Ingredients
- 3/4 cup whole milk
- 1/3 cup butter
Steps
1 - Melt the butter. Start with butter than has been thawed to room temperature. There are a few different ways to melt the butter. Here are some methods to consider:
- Melt it on the stove. Put your butter in a skillet and turn the heat on low. Butter melts between 82 and 97ºF (28–36ºC), which can be about room temperature on a hot day. Keep an eye on your butter and remove it from heat when about 3/4 of the butter has melted. Use a spoon or spatula to spread the butter over the bottom of the pan as it melts.
- Melt it in the microwave. Chop the butter into small pieces and place it in a microwave-safe container for about 10 seconds at a time until melted.
2 - Pour the melted butter into the milk. In a medium bowl, mix together 1/3 cup butter (melted) and 3/4 cup whole milk. Make sure you have let your butter cool before pouring it into the milk
If you prefer to use milk with a lower fat content you'll need to add 1 tbsp of flour to help your cream thicken.
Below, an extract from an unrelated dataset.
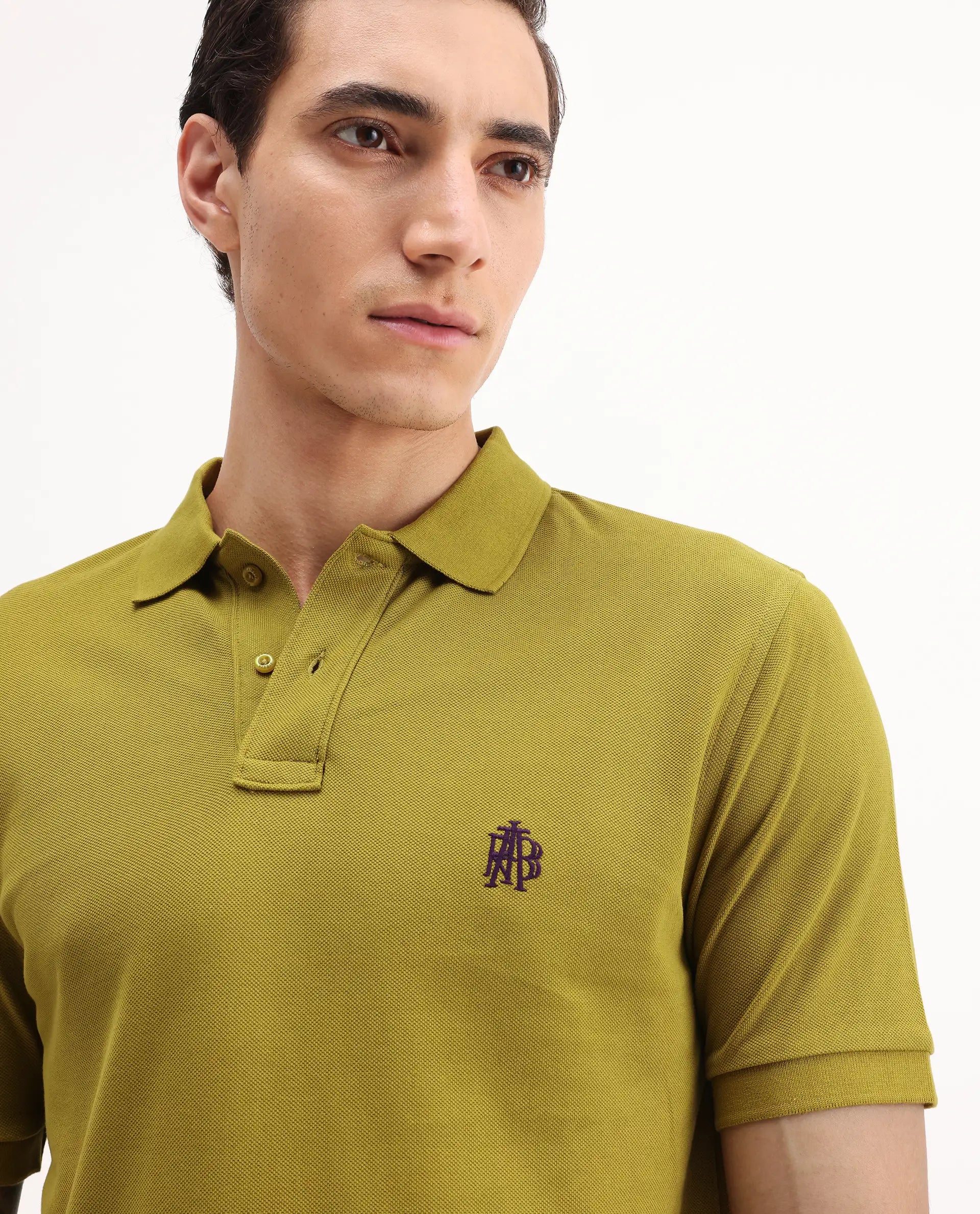 Rare Rabbit Men's Pareto Flouroscent Olive Cotton Embroidered Regular Fit Half Sleeve Polo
3 - Whisk your ingredients together. Whisk together with an electric mixer, handheld whisker, fork, or spoon. Mix for several minutes until the cream is thick and frothy.
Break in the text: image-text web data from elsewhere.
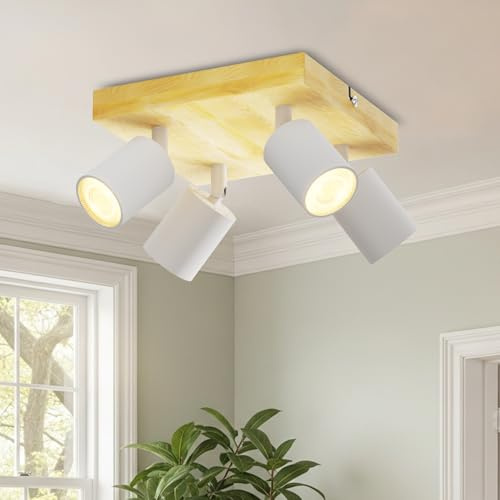 LVWIT LED Deckenstrahler 4 Flammig Deckenleuchte Weiß Modern Küchenlampe Wohnzimmerlampe Drehbar Vintage Strahler Holz Deckenleuchte Deckenspot Flur GU10 Spotlight Lampe für Schlafzimmer Esszimmer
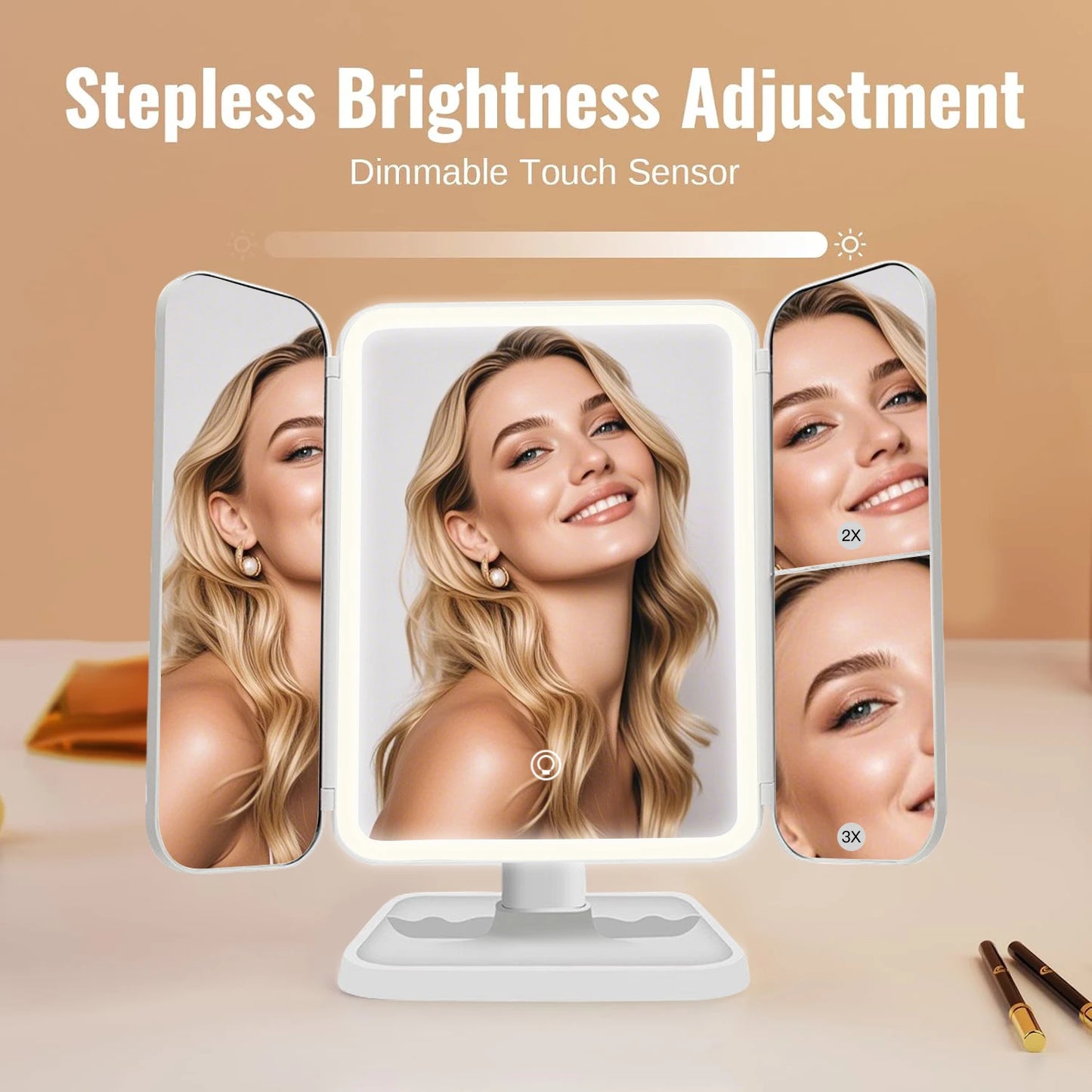 Trifold LED Makeup Mirror – 1X/2X/3X Magnification | Stepless Dimming | USB Rechargeable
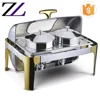 Catering buffet food shop 8L stainless steel cooking equipment buffet hot pot golden soup container warmer chafing dish for soup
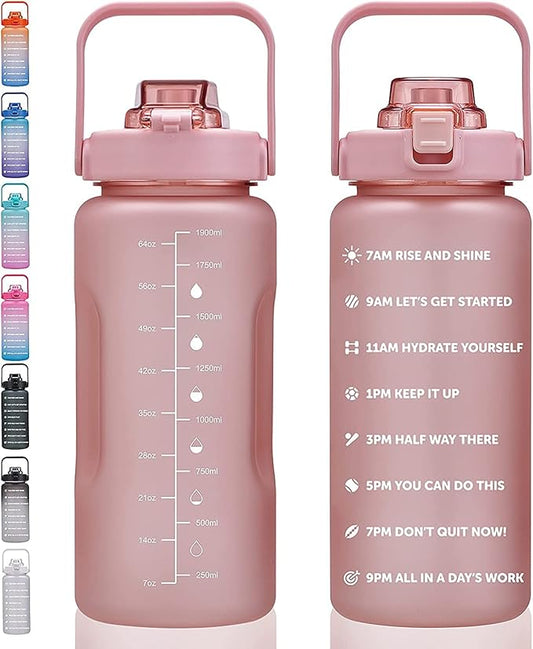 64oz,100oz,128oz Large Motivational Water Bottle with Time Marker, Leakproof & BPA Free Half Gallon Big Water Bottle with Straw Handle Tritan Frosted Water Jug for Gym,Fitness,Outdoor Sports-PurrikoPets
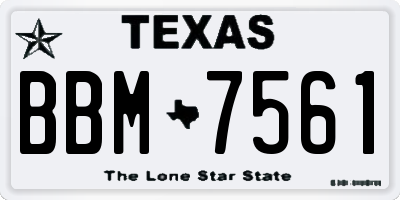 TX license plate BBM7561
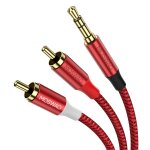 C�ble rca, jack audio st�r�o cordon jack 3. 5mm m�le vers 2 rca m�le tissage en nylon compatible avec ...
- Be aware that this homemade heavy cream will not whip into whipping cream like store-bought heavy cream will.
4 - Store your heavy cream (optional). Place your heavy cream into a covered container in the refrigerator and store for 1 to 2 days.
5 - Use your homemade heavy cream. You can substitute this 1 cup (236ml) of homemade heavy cream in baked goods, soups, and savory sauces immediately.